A way of seeing this is the following: consider $f\colon x \in \Bbb R^{n} \mapsto \|x\|^2-1 \in \Bbb R$. For $x\in \Bbb R^n \setminus \{0\}$, $d_{x}f = 2\langle x, \cdot \rangle$ is surjective. Then $S^{n-1} = f^{-1}(\{0\})$, $f$ is regular on $S^{n-1}$ and for $\theta\in S^{n-1}$, $T_{\theta}S^{n-1} = \ker d_{\theta}f = \{\theta\}^{\perp}$.
The result follows directly from your computations if you take care of the notations.
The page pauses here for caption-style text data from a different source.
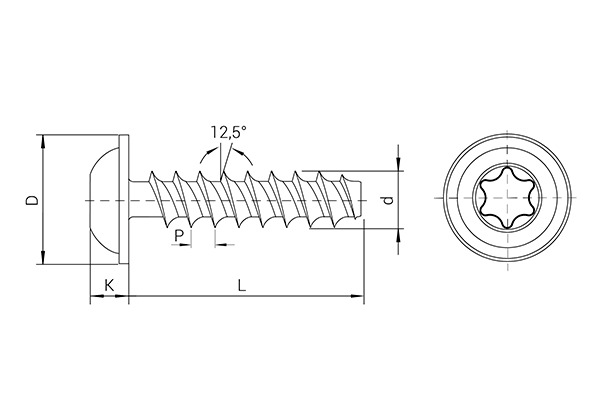 REMFORM® Zinc plated screw, Pan head flange TORX®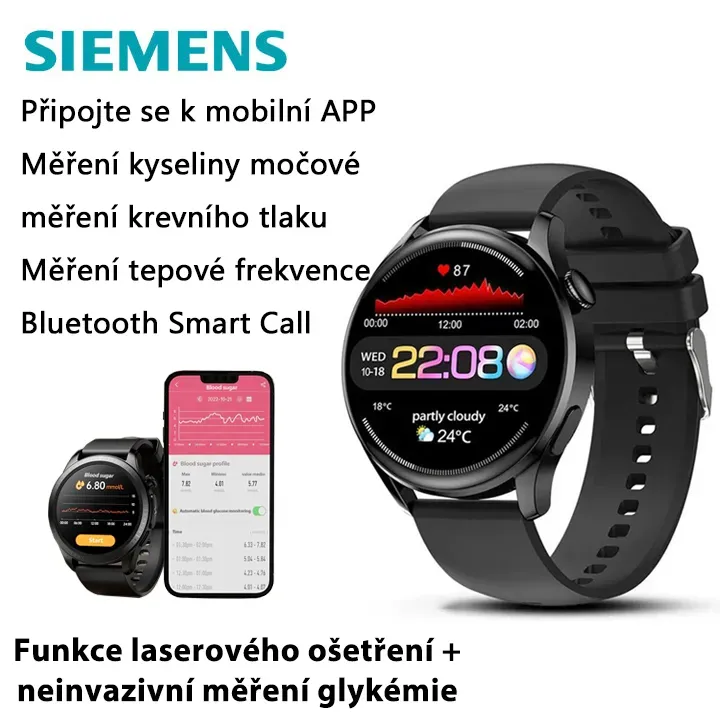 Laseroterapeutické hodinky Siemens dokážou monitorovat srdeční frekvenci/krevní tlak/glykemii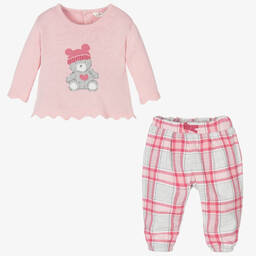 مايورال Newborn-طقم بنطلون قطن محبوك لون زهري للمولودات | Childrensalon Outlet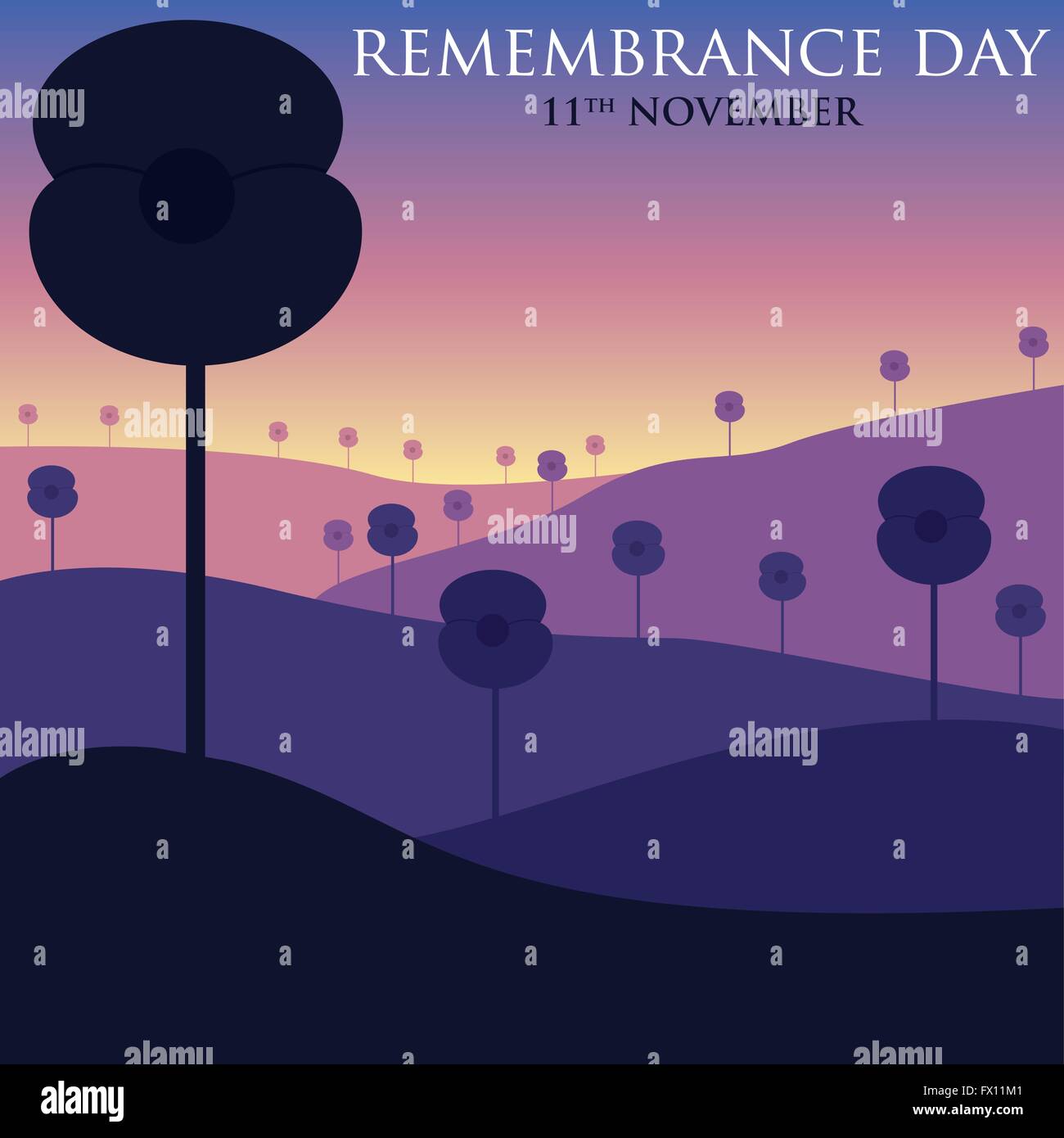 Remembrance Day card in vector format. Stock Vector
Below are these rigorous computations.
Let us fix $(r,\theta)\in \Bbb R^*_+\times S^{n-1}$. The tangent space is given by $$ T_{(r,\theta)}(\Bbb R^*_+\times S^{n-1}) = T_r\Bbb R^*_+\times T_{\theta}S^{n-1} = \Bbb R \times \{\theta\}^{\perp}, $$ where $\{\theta\}^{\perp}$ is the set of orthogonal vectors to $\theta$ in $\Bbb R^n$ with the euclidean metric.
For $(s,v)\in T_{(r,\theta)}(\Bbb R^*_+\times S^{n-1})$, we have $$ d\phi_{(r,\theta)}(s,v) = \left(s\cosh(r) \theta + \sinh(r)v, s\sinh(r)\right). $$
Denoting by $\langle\cdot,\cdot\rangle$ the euclidean metric of $\Bbb R^n$, the Minkowski metric is $\langle \cdot,\cdot\rangle - dt^2$, and we have \begin{align} (\phi^*ds_n^{-1})_{(r,\theta)}\left((s,v),(t,w)\right) &= {(ds^{-1}_n)}_{\phi(r,\theta)}\left(d\phi_{(r,\theta)}(s,v), d\phi_{(r,\theta)}(t,w) \right)\\ &= (ds^{-1}_n)_{\phi(r,\theta)}\left((s\cosh(r) \theta + \sinh(r)v, s\sinh(r)),(t\cosh(r) \theta + \sinh(r)w, t\sinh(r))\right)\\ &= \langle s\cosh(r)\theta + \sinh(r)v, t\cosh(r)\theta + \sinh(r)w \rangle - s\sinh(r) t\sinh(r)\\ &= st\cosh^2(r)\langle \theta,\theta\rangle -st\sinh^2(r))\\ & \quad + s\cosh(r)\sinh(r)\langle \theta,w\rangle + t\cosh(r)\sinh(r)\langle v,\theta\rangle\\ & \quad + \sinh^2(r) \langle v,w\rangle. \end{align} Now, since $\langle \theta,\theta\rangle = 1$, $\cosh^2-\sinh^2 =1$, and $\langle\theta,w\rangle=\langle v,\theta\rangle = 0$, it follows that $$ (\phi^*ds_n^{-1})_{(r,\theta)}\left((s,v),(t,w)\right) = st + \sinh^2(r)\langle v,w\rangle. $$ The answer follows from the fact that $(ds_{n-1})_{\theta}(v,w)= \langle v,w\rangle$.